A man has been arrested after a video of him emerged on a train shouting homophobic slurs and threatening commuters for being gay.
The incident occurred after Brighton Pride as festival goers made their way home on a train bound for London.
Freelance journalist Benjamin Butterworth partially captured the incident on video and posted it on Twitter. He wrote:
On train back from @PrideBerighton, a man threatened to pull a knife on me and others and stab us for being gay. He called us peadophiles [sic] and dirty and shouted gay people need to all be killed. The video is a fraction of what he said, as was too scared & shaken to film.
Butterworth told indy100 that the unnamed man got on the train between Brighton and London, and he ‘started shouting homophobic abuse’.
I was basically asleep. This guy got on and started shouting ‘faggot’ and ‘puff’ and ‘pervert’.
It was all unprovoked, people weren’t awake.
The incident, Butterworth said, lasted approximately half an hour.

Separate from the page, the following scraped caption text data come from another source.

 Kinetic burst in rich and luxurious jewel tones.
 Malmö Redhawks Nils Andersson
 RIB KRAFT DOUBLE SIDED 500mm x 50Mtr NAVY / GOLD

He said he had a knife and he was going to stab every gay person on the train. He said ‘gay people deserve to be rounded up and killed’ and told someone ‘if I stab you, it’s self-defence.’
Eventually, the emergency alarm was pulled, and two stations later he was removed from the train in handcuffs.
If that happened to vulnerable people it could do serious damage. [The incident] happened in two of the most liberal and diverse places in the country and still this man felt confident.
This can happen anywhere in the country.
British Transport Police released a statement regarding the incident:
We are aware of a video on social media which appears to show a man making homophobic comments towards passengers on a train.
We were called at 5:53 on Sunday following reports of homophobic abuse towards passengers. Officers met the train and a 28-year-old man was arrested for a public order offence.
The man in question has been released under investigation as officers review the footage to establish the ‘full circumstances’ of the incident.
Despite the frightening experience, Butterworth thought the reactions to his post were ‘comforting’.
Homophobia can affect straight people too. He just made an assumption based on how people looked.
‘There was a great sense of solidarity [on the train],’ he added.